Online Program

Using predictive modeling approaches to examine the relative impact of clinical and public health factors in predicting disease

Tuesday, November 3, 2015

Jay V. Schindler, MPH PhD, Northrop Grumman Corporation, Atlanta, GA
Fred Sieling, PhD, Public Health Operating Unit, Northrop Grumman Corporation, Atlanta, GA
Background: With the growth of open data, data sharing, and data integration occurring with the concomitant advances in data mining, the opportunity to merge and integrate disparate data sources becomes more feasible and beneficial. Clinical data, aligned with community-based metrics and environmental factors, can generate a large, multidimensional data source to test hypotheses about the relative importance and impact of these different health factors.

Objective/purpose: This presentation will share the systematic approach used by the authors to prepare and align disparate data sources, generate predictive analytics models, down-select and identify the most relevant models for comparing the impact of clinical and public health factors, and determine the relative importance of various factors identified by different predictive modeling tools.

 Methods: The authors used various database, data manipulation, and statistical analysis tools to gather, process, and analyze data from open source and clinical depositories. Cross-validation and training/testing protocols helped substantiate the reliability of the outcomes for prediction.

Results: The use of various types of regression methods as well as other machine learning toolsets provided insight on which clinical measures are helpful in predicting specific disease conditions. In addition, using a model comparison approach, community health conditions and reported public health metrics were shown to provide a significant impact beyond the effects of clinical indicators.

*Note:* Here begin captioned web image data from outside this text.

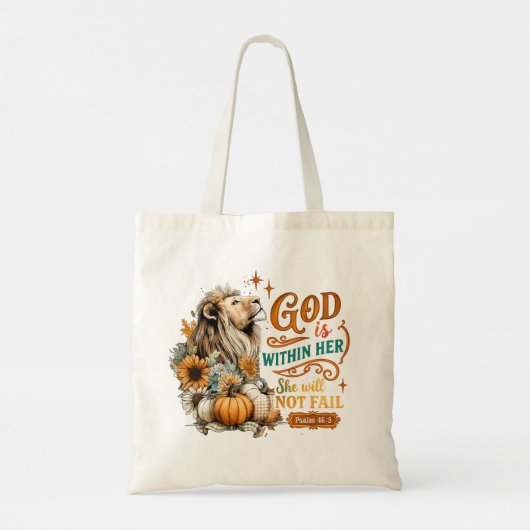 God is in haar... tote bag (Achterkant)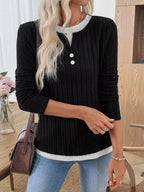 Ribbed Knit Long Sleeve Henley T-Shirt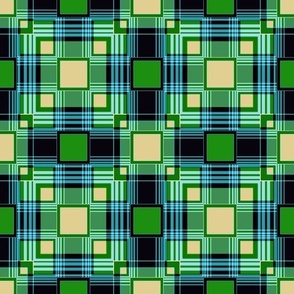  Bright colorful checkered pattern green beige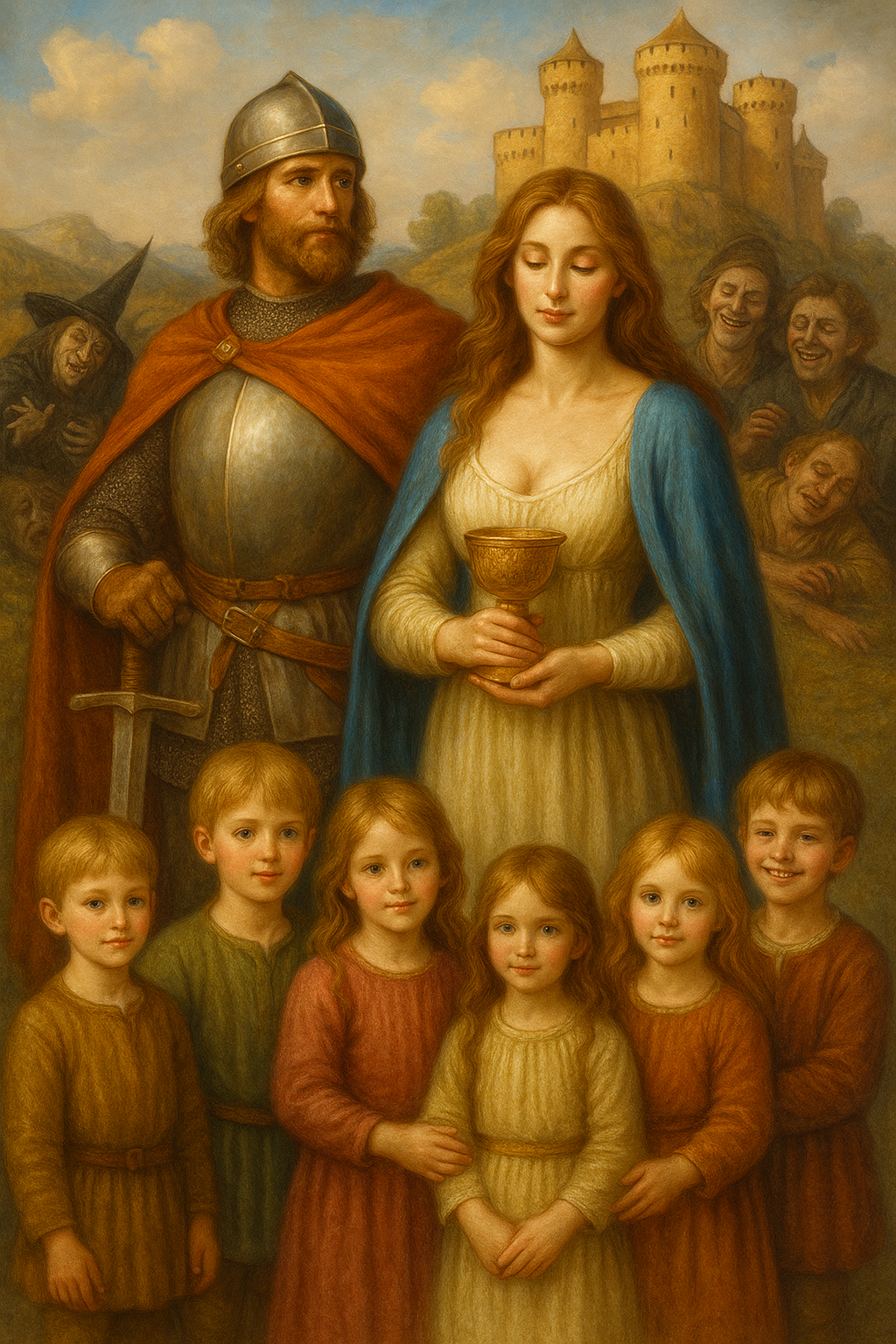 Parzival and the Grail bearer with their children after defeating the witch and eunuchs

Discussion/Conclusions: Using data mining approaches on merged datasets have helped document the value of examining more than clinical data: community and public health metrics can provide an enhanced understanding of complex, multifactorial disease processes and help guide public health policy and intervention planning.

Learning Areas:

Biostatistics, economics
Chronic disease management and prevention
Clinical medicine applied in public health
Provision of health care to the public
Public health administration or related administration
Public health or related research

Learning Objectives:
Describe how to conduct regression analyses to measure the relative impact of health and community factors. Explain the merit of using different machine learning approaches to examining clinical and community health data.

Keyword(s): Public Health Research, Community-Based Research (CBPR)

Presenting author's disclosure statement:

Qualified on the content I am responsible for because: I am a data scientist and public health researcher examining clinical and community health data associated with a variety of projects. I have taught graduate level biostatistics and research university courses for over 15 years.
Any relevant financial relationships? Yes

Name of Organization Clinical/Research Area Type of relationship
Northrop Grumman Corporation Public Health Employment (includes retainer)
Centers for Disease Control and Prevention Public Health Independent Contractor (contracted research and clinical trials)

I agree to comply with the American Public Health Association Conflict of Interest and Commercial Support Guidelines, and to disclose to the participants any off-label or experimental uses of a commercial product or service discussed in my presentation.